The scale of official monitoring could be way more extensive than previously thought, as public and national security agencies have installed CCTV and facial scanning and recognition systems in as many as 6.7 million locations throughout Xinjiang, such as mosques, Uighur communities, plus airports and train and bus stations, according to Human Rights Watch, the New York-based advocacy group, which cited sources privy to the situation.

The NGO estimates that more than 2.5 million residents in the western province – roughly one-tenth of the total population – could be watched and tracked on a daily basis by this pervasive matrix of cameras with algorithms that can compare footage against a database of people that are in Beijing’s bad books.

A dragnet could close in on a troublemaker once he is spotted, with the help of military police who also trawl the streets in major cities and towns for suspects.
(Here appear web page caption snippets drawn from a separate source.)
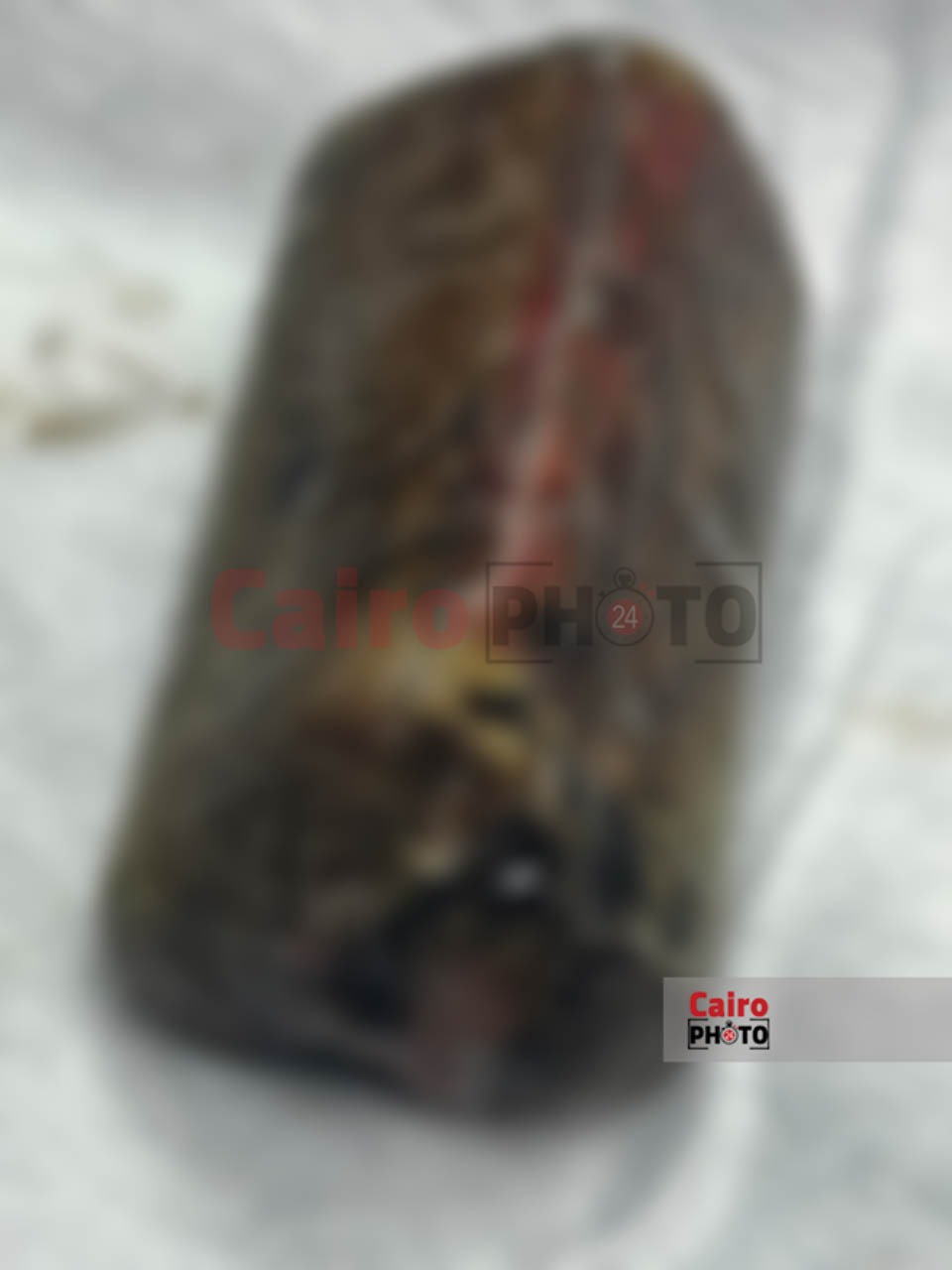 استخراج ثلاث حجارة من بطن مريض بالمنوفية بعد بلعهم من عام ونصف 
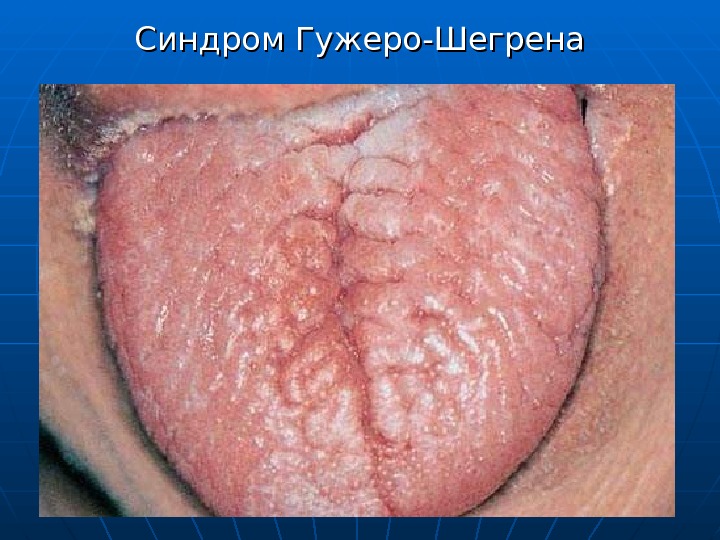 Реактивно-дистрофические и воспалительные заболевания слюнных желез ...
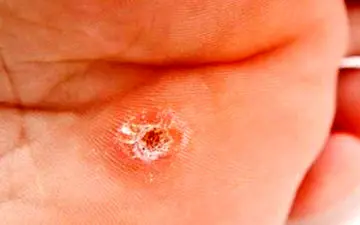 آن چه که باید در مورد میخچه پا بدانید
A technician checks CCTV devices in a street in Urumqi, capital of Xinjiang. Photo: Weibo

It is also said that residents in places identified as “high-risk areas” – like downtown Urumqi and Kashgar, which straddles China’s borders with Afghanistan and Tajikistan – must download an app designed to scan one’s phone calls and messages. Each family there must also assigned a QR code so police can scan and update information.
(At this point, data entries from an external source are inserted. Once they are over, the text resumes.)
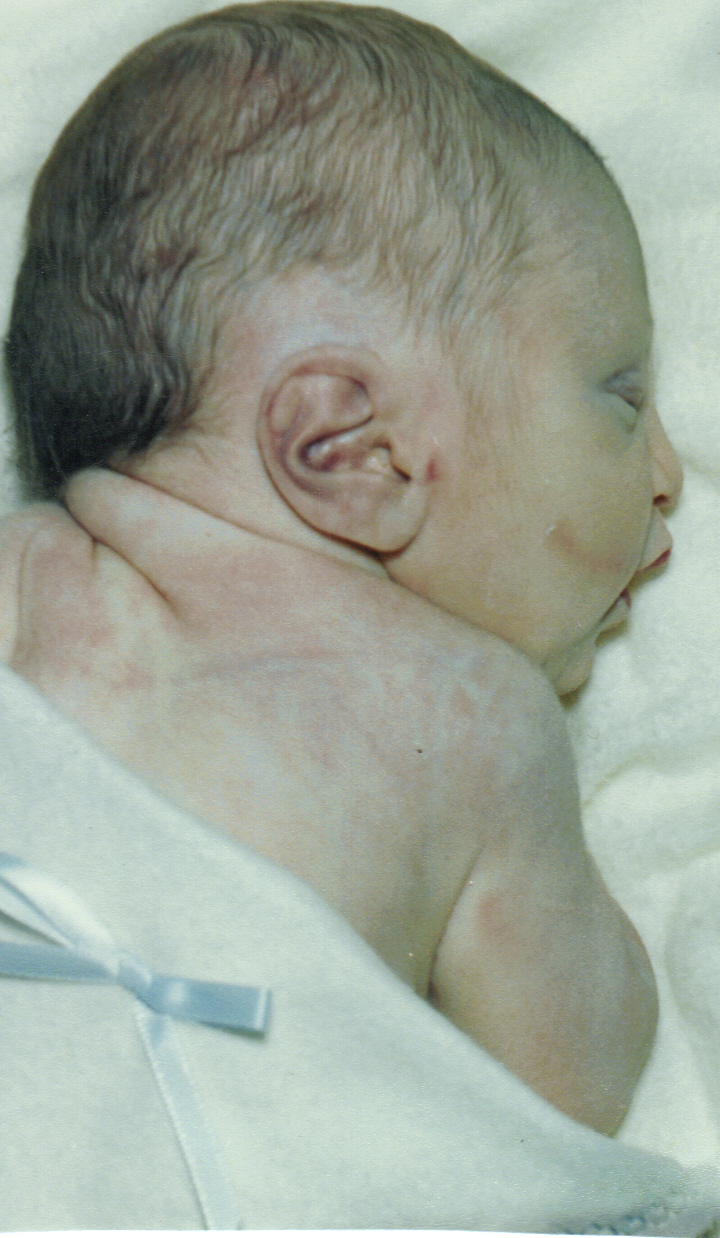 Potter's Syndrome What is Potters?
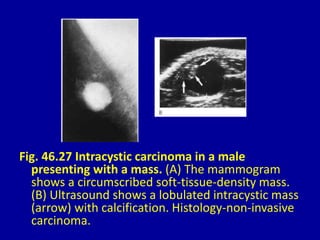 Fig. 46.27 Intracystic carcinoma in a male
presenting with a mass. (A) The mammogram
shows a circumscribed soft-tissue-density mass.
(B) Ultrasound shows a lobulated intracystic mass
(arrow) with calcification. Histology-non-invasive
carcinoma.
Other reports say the surveillance systems used in Xinjiang are tailor-made by Hangzhou-based video security technology firm Hikvision, which is under the umbrella of the state-owned China Electronics Technology Group. Hikvision has a stranglehold on the global CCTV business but was blocked by many countries overseas, after its ties with the state and role in repressive monitoring of ethnic people in Xinjiang was revealed.
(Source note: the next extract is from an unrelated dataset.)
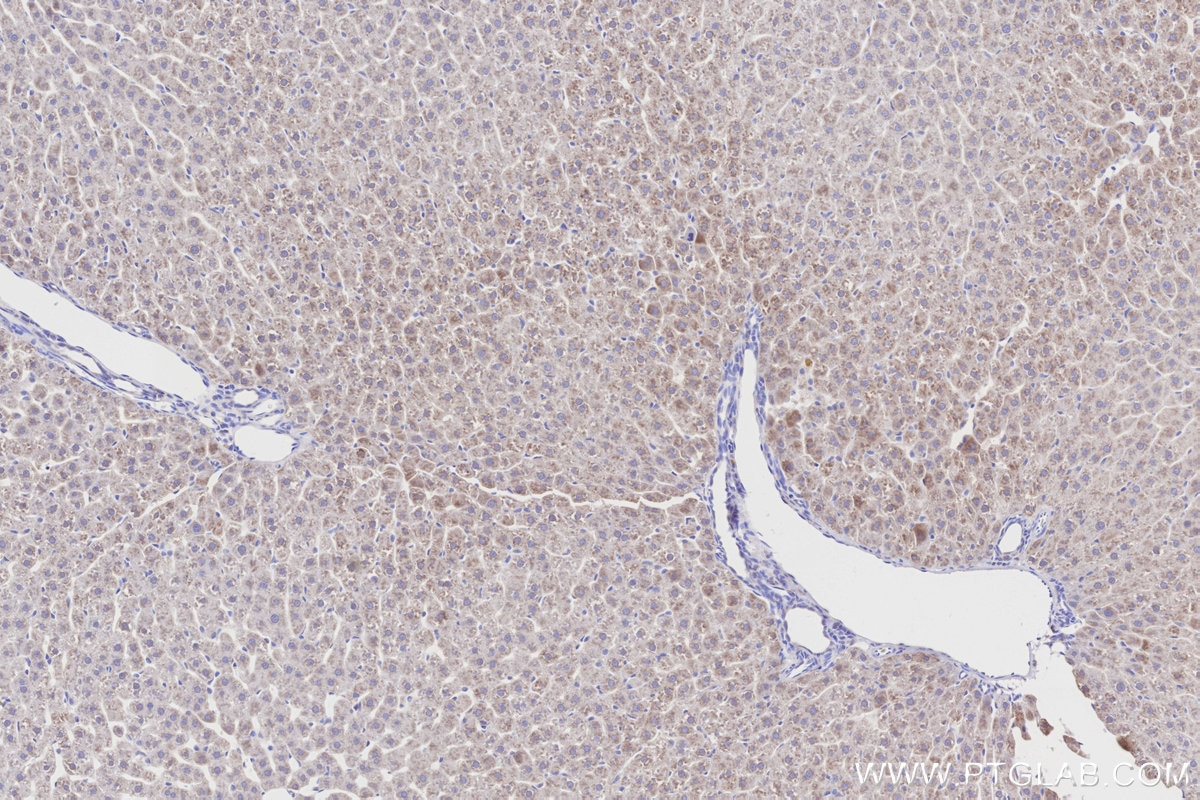 IHC staining of rat liver using 33698-1-AP Immunohistochemistry (IHC) staining of rat liver tissue using TAT Polyclonal antibody (33698-1-AP)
Hikvision’s products are also used at numerous reeducation and labor camps in Xinjiang, where Uighurs and other ethnic minorities are indoctrinated with Beijing’s views about Communism and ethnic cohesion.

A video scanning and analyzing system used by China’s public security agencies. Photo: Twitter via AP

Last year, Beijing’s Global Times bragged that the Hikvision system could scan the entire Chinese population of 1.3 billion people in the blink of an eye.

Its Sky Net system is eerily reminiscent of the kind of surveillance George Orwell described in his gloomy novel Nineteen Eighty-Four.

The system is capable of instantly identifying people’s faces from different angles and under poor lighting, even when they are in constant motion, such as riding an escalator or driving a car. Its computer banks are fast enough to scan China’s entire population in just one second, or two seconds to remember and recognize everyone on the planet, with an accuracy rate of up to 99.8%.

In Xinjiang, cameras, like the tentacles of Sky Net, constantly feed police the location of everyone in a street, following their movement non-stop.

Once a person’s facial data is entered, surveillance cameras throughout Xinjiang and the rest of China can identify a person the moment he or she appears in the street, said Li Wei, a counterterrorism expert at the China Institute of Contemporary International Relations, told Xinhua.